Siobhan Heafield, chief nurse for the midlands, has joined other senior nursing leaders in urging people to shine a light from their window at 8.30pm tonight to mark the day and show their appreciation for all that nurses are doing to save and rebuild the lives of patients with coronavirus.
Siobhan said: “Thank you to the nurses, midwifes and heath visitors who work hard for the patients across our region each and every day.
"Nightingale is most often remembered as ‘the lady with the lamp’ and for her role during the Crimean War.
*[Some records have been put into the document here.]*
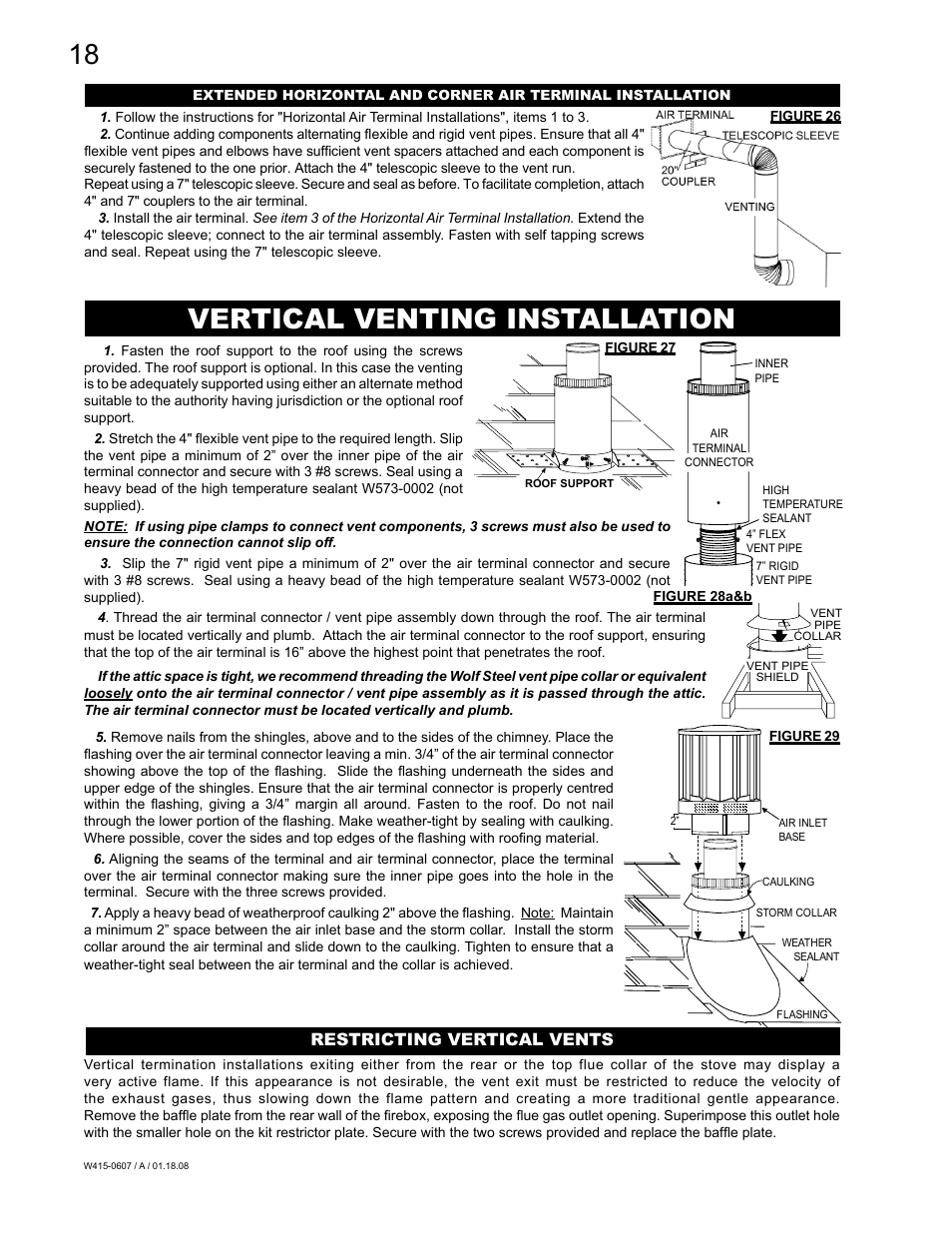 Vertical venting installation, Restricting vertical vents | Napoleon Fireplaces Castlemore GDS26N User Manual | Page 18 / 32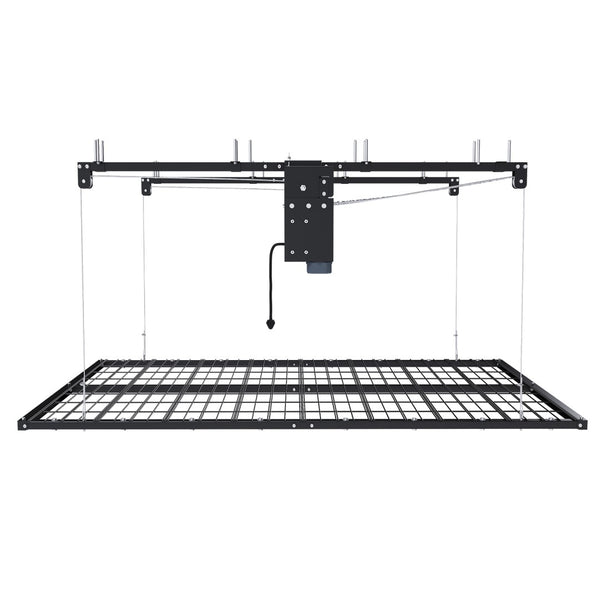 English Elm Overhead Motorized Garage Storage Rack 4X8 Ft All Steel 450 Lb Remote Lift System W2700S00154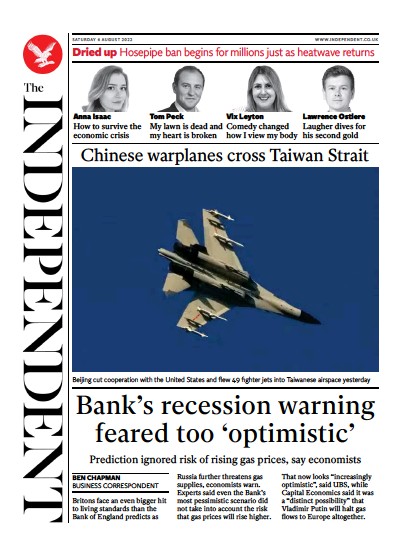The Independent (UK) Newspaper Front Page for 7 August 2022
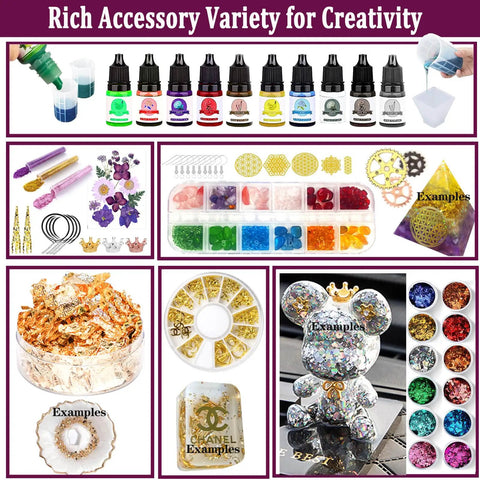 All In One Resin Kit For Beginners And Pros With 125 Pieces Jewelry Making Set Including Sphere And Pyramid Molds Crystal Molds And Epoxy Supplies For DIY Crafts And Art Projects accessories and tools display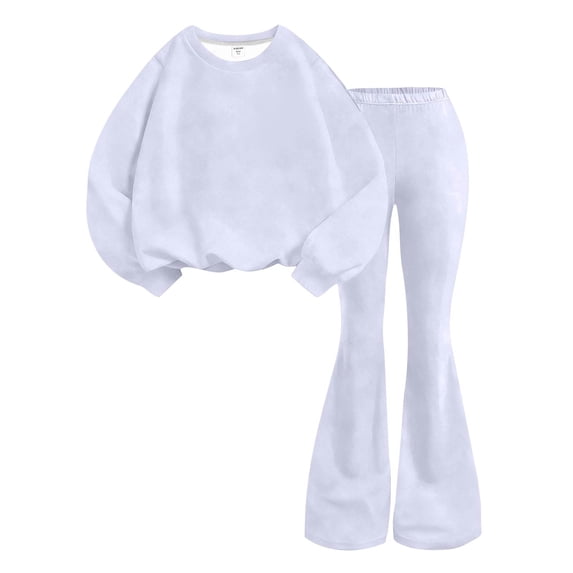 CPNG Girls' Outfits Children's Solid Color Long Sleeved Round Neck Pullover Top and Flared Pants 2 Piece Set(White,5-6 Years)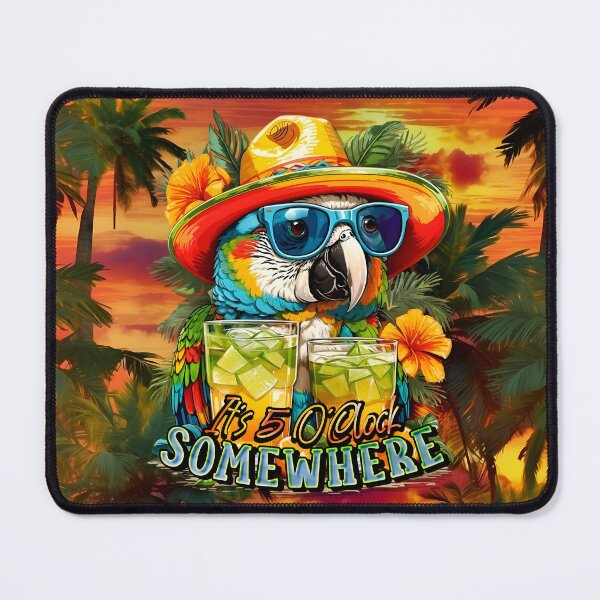Item preview, It's 5 o'clock somewhere Tropical Parrot Cocktail Sunset Beach designed and sold by MindWave THC.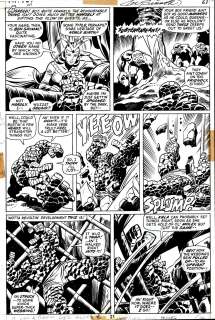 John Buscema Joe Sinnott - Fantastic Four #127 P 21 (The Thing in Every Panel, with Queen Kala As He Battles the Mole Man‘s Minions!) 1972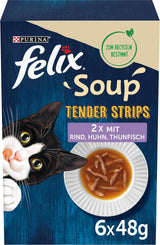 Bandelettes de soupe Felix, soupe pour chat, variété mixte, paquet de 8 (8 x 6 sachets de 48 g chacun)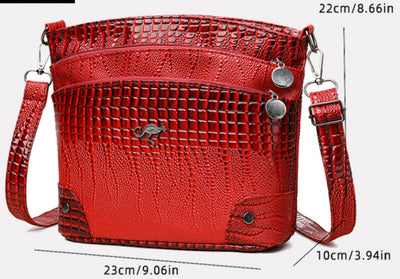 Bolso Bandolera Patrón Cocodrilo Vintage Multicapa Casual para Mujer - Image 8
“In 2020, we find ourselves in the midst of a war against a virus that has caused a global pandemic and will have a lasting influence on nursing."There are many similarities to reflect on, not least the setting up at great speed of Nightingale hospitals across the country to provide additional capacity and support to NHS hospitals."
Thousands of former nurses have returned to help the NHS with the greatest health emergency in its history and thousands more students have done their bit in the battle against Covid-19 through choosing to take up extended clinical placements.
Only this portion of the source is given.